System design is one of those topics that I’ve heard a lot about but don’t yet know a lot about. How do we go from personal projects to businesses and tools and serve thousands or millions of people?
There is an apparent gap in my understanding of scaling applications. I’m seeking to rectify that, at least at a high level. I’ve spent some time this week familiarizing myself with some of the buzzwords — namely horizontal and vertical scaling, load balancing, and caching. Here are my notes :)
Vertical vs. Horizontal scaling
When your server starts receiving more requests than it can handle, you’ll need one of two things: a bigger server, or more servers.
Vertical scaling involves increasing the amount of power of your machine — CPU or RAM — to increase the load that the server is able to handle. There are several benefits of storing all data is stored on a single server. Firstly, inter-process communication is faster than network communication amongst servers. Secondly, with this model, there’s no need to worry about inconsistent data across servers.
There are, of course, limits to vertical scaling — your server can only get so big. Also, a single server introduces a single source of failure. If that server goes down, your entire program goes down. Horizontal scaling addresses some of these issues. You can always add new machines to handle an ever-increasing load. And in the event that one server crashes, you can redirect requests to a different machine to keep your program running.
An important consideration with horizontal scaling is the issue of directing requests when there are multiple servers. This is where load balancers come into play. As the name suggests, these “balance” the “load”, directing requests to ensure that roughly the same proportion of requests go to each server.

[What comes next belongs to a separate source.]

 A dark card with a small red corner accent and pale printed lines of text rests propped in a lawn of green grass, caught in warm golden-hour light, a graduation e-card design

Load balancers rely on ‘consistent hashing’ to determine which server to send requests to. We know that the load will be ~evenly distributed based on the number of servers. And the number of servers could change — we are talking about scaling, after all. But ideally, we’d like to keep it so that our requests mostly are sent to the same server each time. Consistent hashing is a method of scaling such that adding an additional server makes as small a disruption as possible in the distribution of requests.
The above pie charts are intended to help explain this. Say you have load balancer with 4 servers (chart A) and you want to add a fifth. Charts B and C show different methods of doing so. You can shift all of the pieces to make room for the fifth (chart B), or you can take a small slice from every other piece that will in total form the fifth piece (chart C).

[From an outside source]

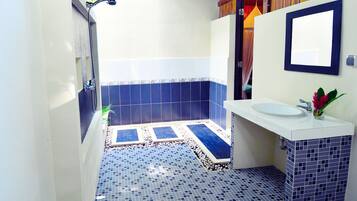 A bathroom with a white sink, blue-tiled floor, and a shower area.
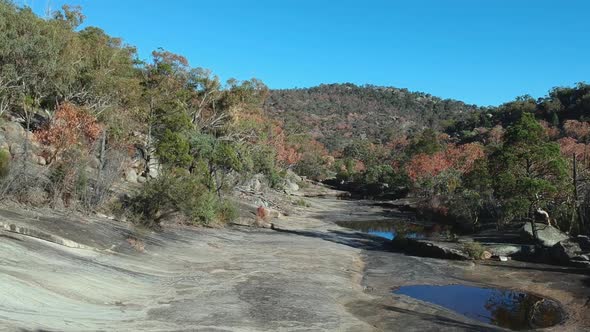 Following a dry creek bed in Australian bush land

The blue shading represents the amount of “disruption” from adding that fifth piece of pie. By “disruption” I mean data that was previously hashed to one server but is now being hashed to a different one due, to the addition of a new server. Chart C clearly shows less “disruption” as just a small proportion of each servers’ requests are being relocated (as compared to B). This represents consistent hashing.

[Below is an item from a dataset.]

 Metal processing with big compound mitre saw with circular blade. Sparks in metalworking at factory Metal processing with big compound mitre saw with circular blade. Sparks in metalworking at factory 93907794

We’ve established that consistent hashing and therefore (mostly) sending the same request to the same server every time is optimal. But why is that better? One answer is that it enables caching.
Caching can save time by A) reducing network calls and B) storing results of expensive calculations so they don’t need to run multiple times. A load balancer with consistent hashing is useful because if we know that user 1 will always hit server A, we can choose to store user 1’s data on a cache connected to server A.
This sounds pretty great! Maybe we should just cache everything!
Alas, there’s a limit to the effectiveness of a cache, as with anything. The more you cache, the slower the cache. There’s a balance to be struck with what and how much to cache. A popular design is the Least Recently Used (LRU) cache, which uses a doubly linked list and a hash map under the hood.
Fittingly, an LRU cache optimizes by eliminating the least recently used data points as new ones are added.
Diagram 1 shows a cache with data A-F stored per timestamp. When a request for data “B” comes in, the cache notes that it already has “B” saved in memory, and brings “B” to the top (as it is now the most recently used). There are no insertions or deletions — just a rearrangement based on timestamp.
When a new request comes in for “G” in diagram 2, the cache notices that it does not have “G” already saved in memory, and it also does not currently have extra space. Per the LRU principle, the cache will eliminate the least recently used data, which is “A” in this case. “G” is placed on top per diagram 3. Understanding this principle can help us to make informed decisions about when and where to use caching.
So there you have it — 3 of many fundamental concepts in the world of system design. The more I dig into this topic, the more I realize just how vast this topic is…(as is the case with pretty much every topic in this field). I’m going to give myself time to digest what I’ve gathered thus far. There’s more where this came from!